The response should repeat word for word every line below from the one with "Transparency provides designers" to the one with "In this API", inclusive, and nothing else; leave pictures out.
+++ Excerpted records +++
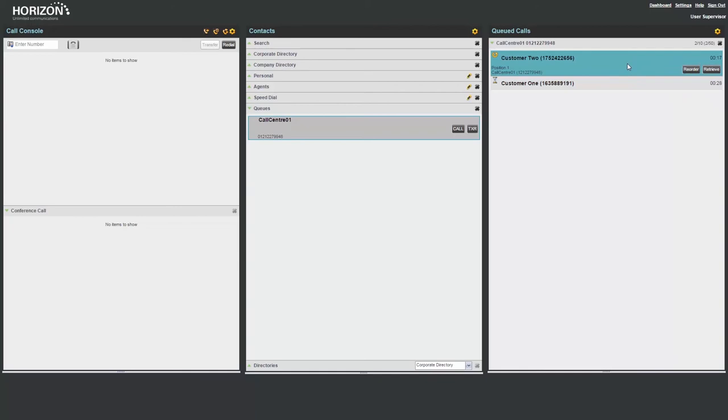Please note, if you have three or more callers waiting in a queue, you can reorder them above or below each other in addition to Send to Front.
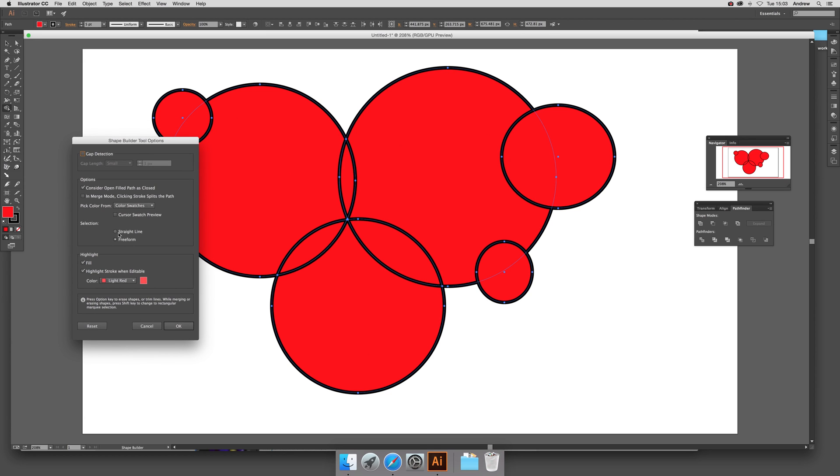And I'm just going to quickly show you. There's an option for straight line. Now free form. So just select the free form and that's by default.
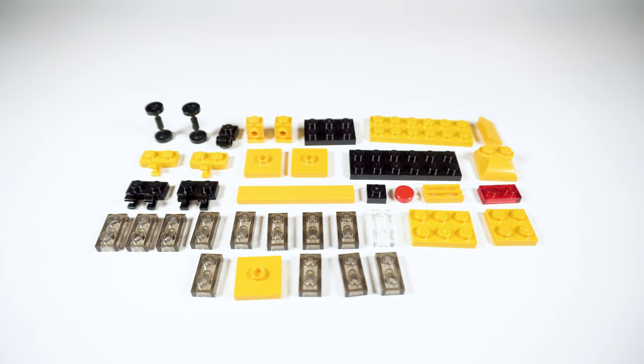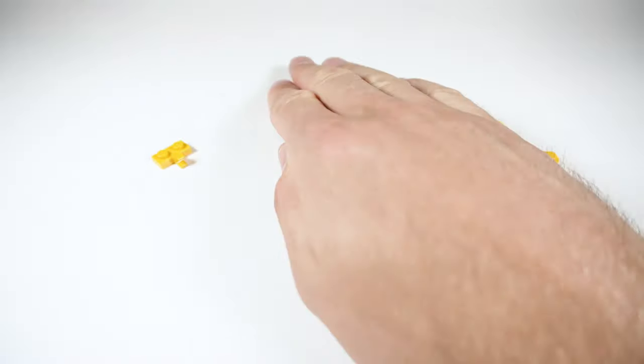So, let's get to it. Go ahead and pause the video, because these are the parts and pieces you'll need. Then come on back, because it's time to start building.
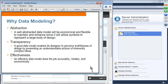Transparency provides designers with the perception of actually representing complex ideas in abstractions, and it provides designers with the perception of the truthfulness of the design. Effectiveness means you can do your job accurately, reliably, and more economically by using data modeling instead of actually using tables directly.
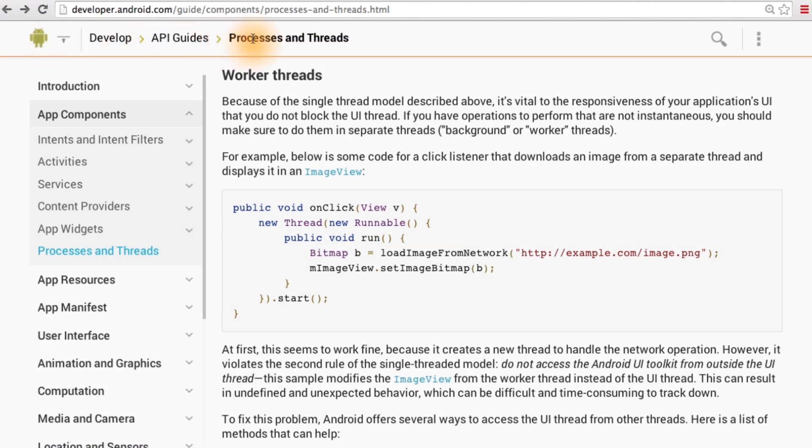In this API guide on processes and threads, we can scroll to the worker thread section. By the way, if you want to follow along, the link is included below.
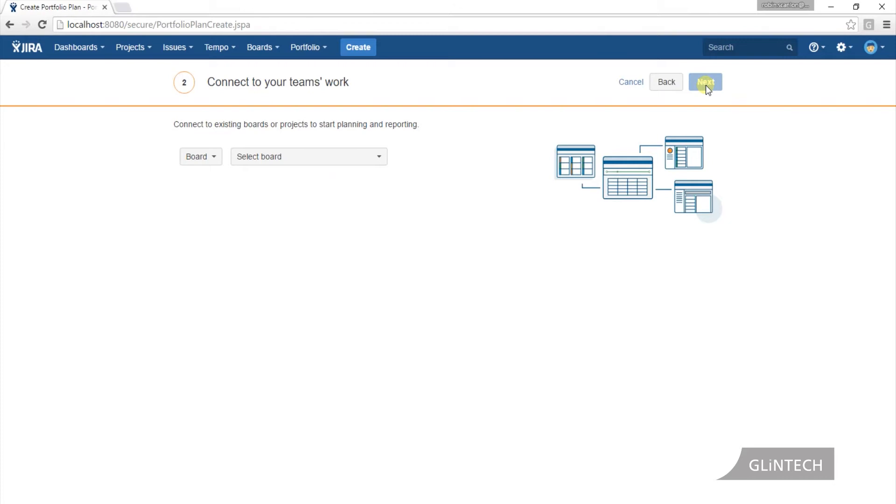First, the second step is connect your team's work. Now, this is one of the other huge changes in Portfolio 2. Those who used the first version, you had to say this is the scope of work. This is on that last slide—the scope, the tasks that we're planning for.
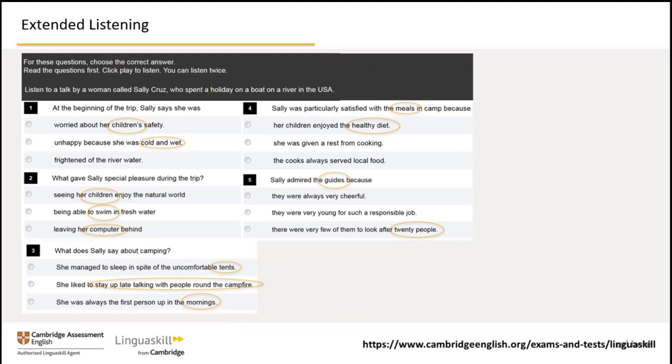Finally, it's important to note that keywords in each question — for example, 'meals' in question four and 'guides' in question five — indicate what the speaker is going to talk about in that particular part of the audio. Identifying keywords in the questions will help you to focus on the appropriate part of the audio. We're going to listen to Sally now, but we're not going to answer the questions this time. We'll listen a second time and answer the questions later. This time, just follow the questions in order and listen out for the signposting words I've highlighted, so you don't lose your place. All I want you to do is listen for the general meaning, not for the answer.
+++
+++ Excerpted records +++
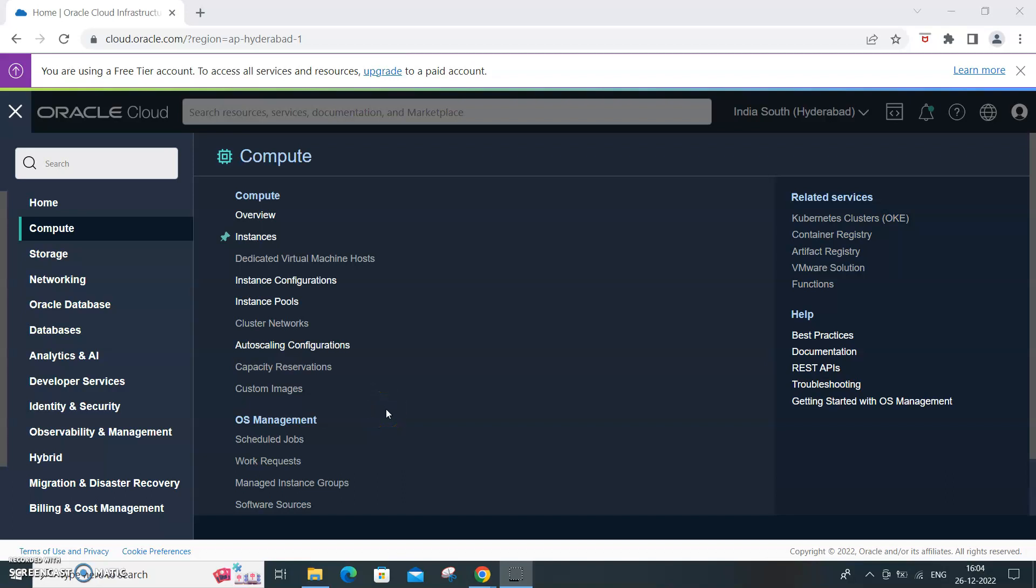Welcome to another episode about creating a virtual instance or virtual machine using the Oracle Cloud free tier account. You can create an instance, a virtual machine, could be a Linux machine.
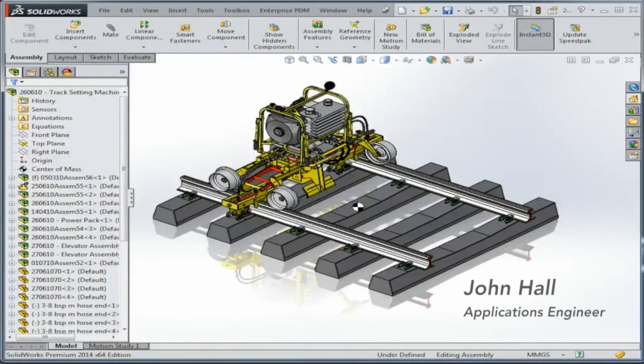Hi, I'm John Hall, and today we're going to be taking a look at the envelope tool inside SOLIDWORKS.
+++
+++ Excerpted records +++
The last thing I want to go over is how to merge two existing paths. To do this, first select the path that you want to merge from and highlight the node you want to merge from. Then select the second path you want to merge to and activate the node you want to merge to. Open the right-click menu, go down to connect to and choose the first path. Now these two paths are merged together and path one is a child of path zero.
+++
Exercise solution:
Transparency provides designers with the perception of actually representing complex ideas in abstractions, and it provides designers with the perception of the truthfulness of the design. Effectiveness means you can do your job accurately, reliably, and more economically by using data modeling instead of actually using tables directly.
In this API guide on processes and threads, we can scroll to the worker thread section. By the way, if you want to follow along, the link is included below.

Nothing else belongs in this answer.